> _WHAT IS EXPECTED_
Leave the pictures out and quote only the lines from the one with "and Everyday 2" down to the end of the listing below.
══ EXERCISE INPUT
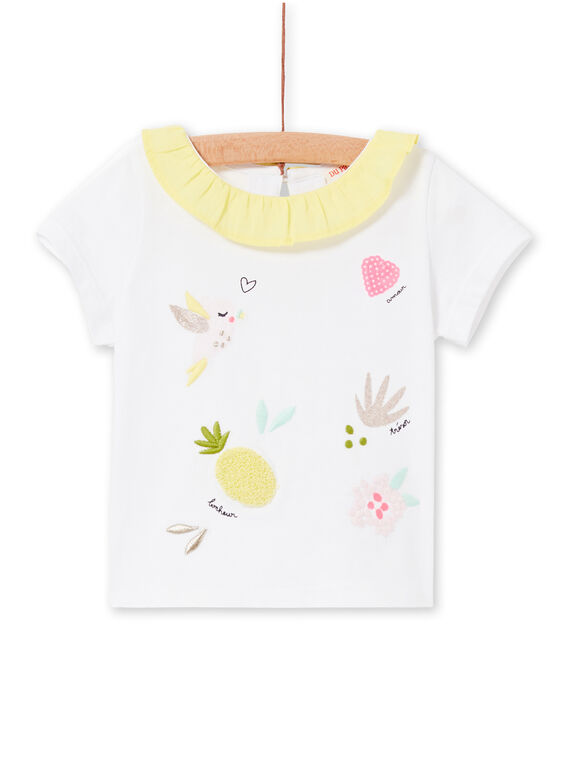 T-shirt branca e amarela bebé menina LIBALBRA / 21SG09O1BRA000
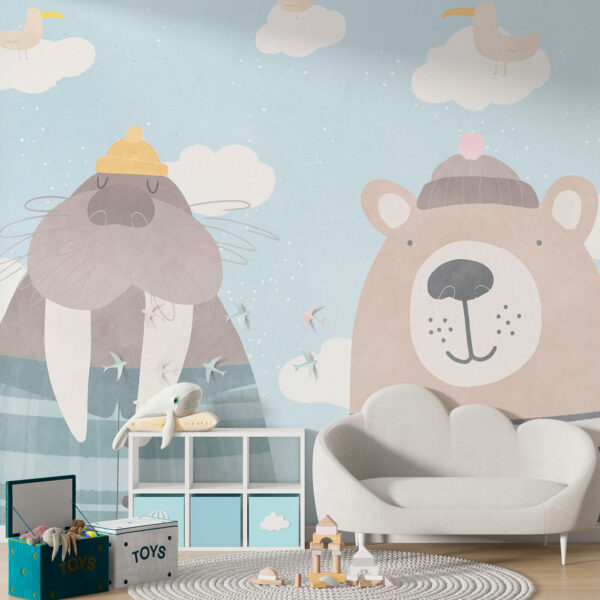 Fototapeten Walross mit Hut und Shorts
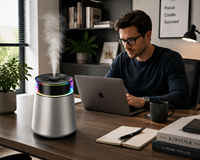 Grand humidificateur ultrasonique de 7 L avec veilleuse LED, 360° °   Diffuseur de brume froide à faible bruit pour la maison et le bureau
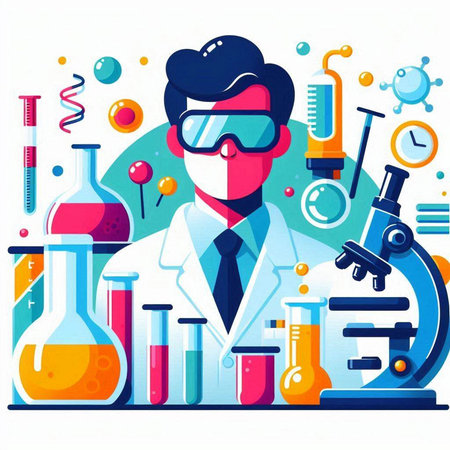 Scientist with microscope and test tubes. Flat style vector illustration.のイラスト素材
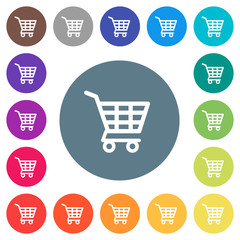Shopping cart flat white icons on round color backgrounds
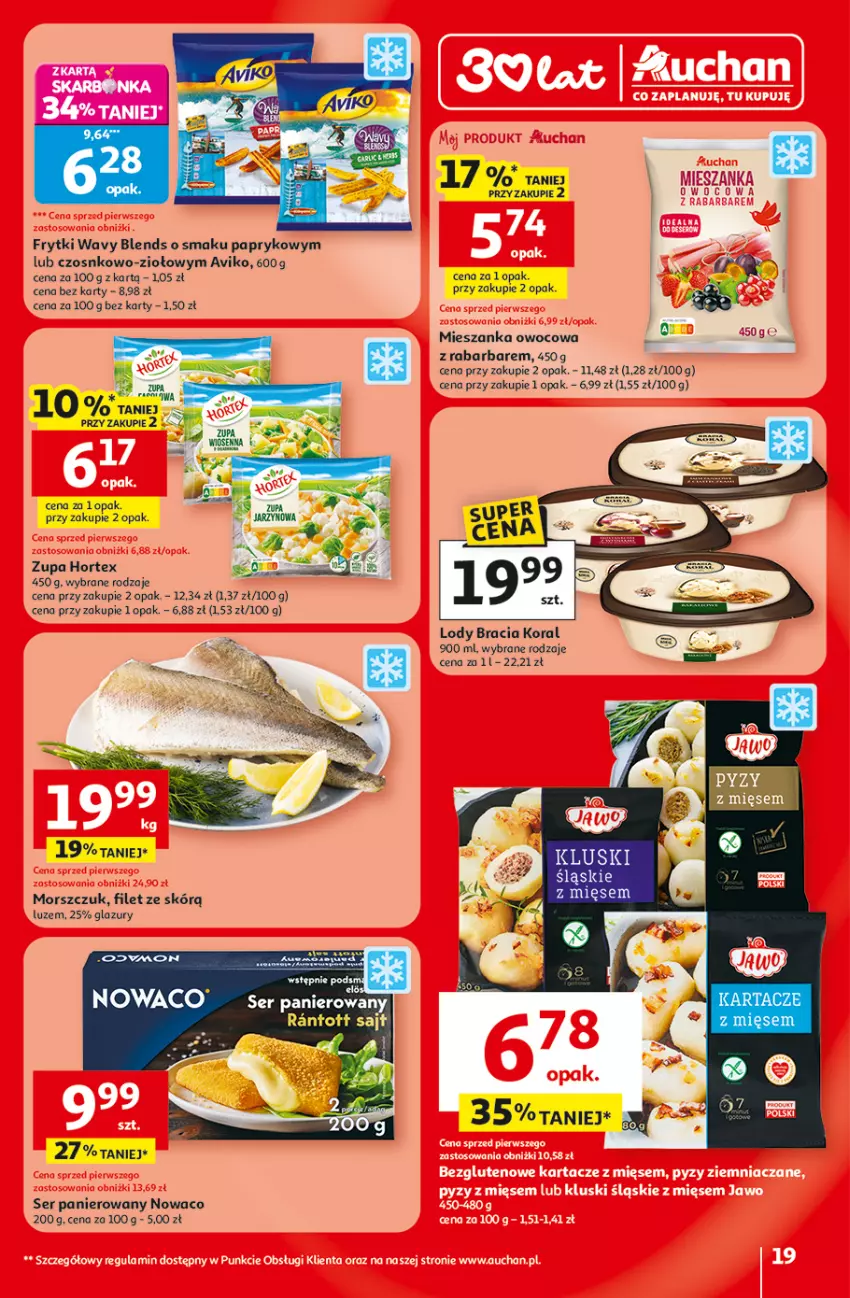 Gazetka promocyjna Auchan - Gazetka 30 Lat Hipermarket Auchan - ważna 19.02 do 25.02.2026 - strona 19 - produkty: Frytki, Hortex, Lazur, Lody, Oral B, Ser, Zupa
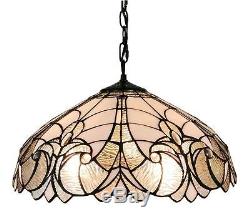 Tiffany Style Ceiling Lamp Hanging Light Fixture White Stained Glass 18 Wide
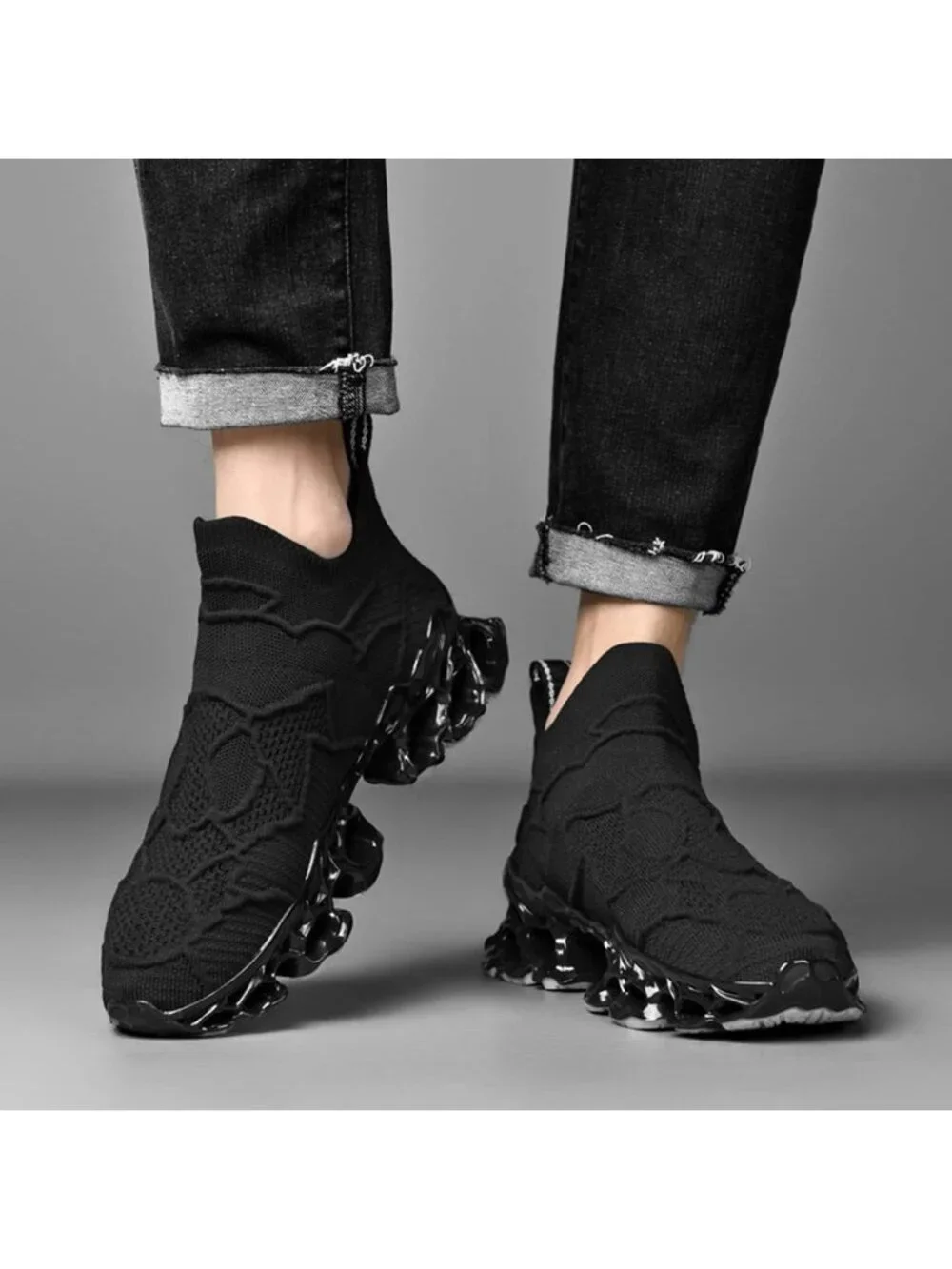 🆕Men's All Black Slip on Loafers Walking Tennis Shoes Running Blade Sneakers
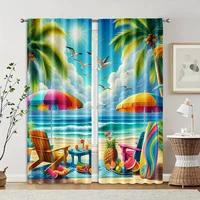 2pc,  Curtains Tropical Beach Surfboard Versatile Polyester,Without Electricity Birthday Party Applies to Parties and Everyday 2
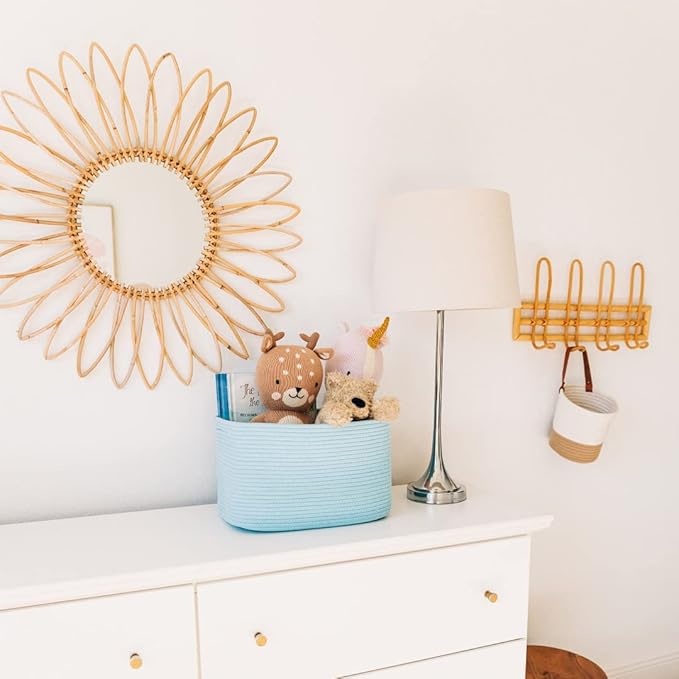 OrganiHaus Woven Storage Baskets for Organizing, Cotton Rope Organizer Bins for Shelves, Closet & Nursery, Dog Toy Basket, Decorative Bins for Toys, Towels & Books - 15x10x9, Blue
════
> _YOUR SOLUTION_
 2pc,  Curtains Tropical Beach Surfboard Versatile Polyester,Without Electricity Birthday Party Applies to Parties and Everyday 2
 OrganiHaus Woven Storage Baskets for Organizing, Cotton Rope Organizer Bins for Shelves, Closet & Nursery, Dog Toy Basket, Decorative Bins for Toys, Towels & Books - 15x10x9, Blue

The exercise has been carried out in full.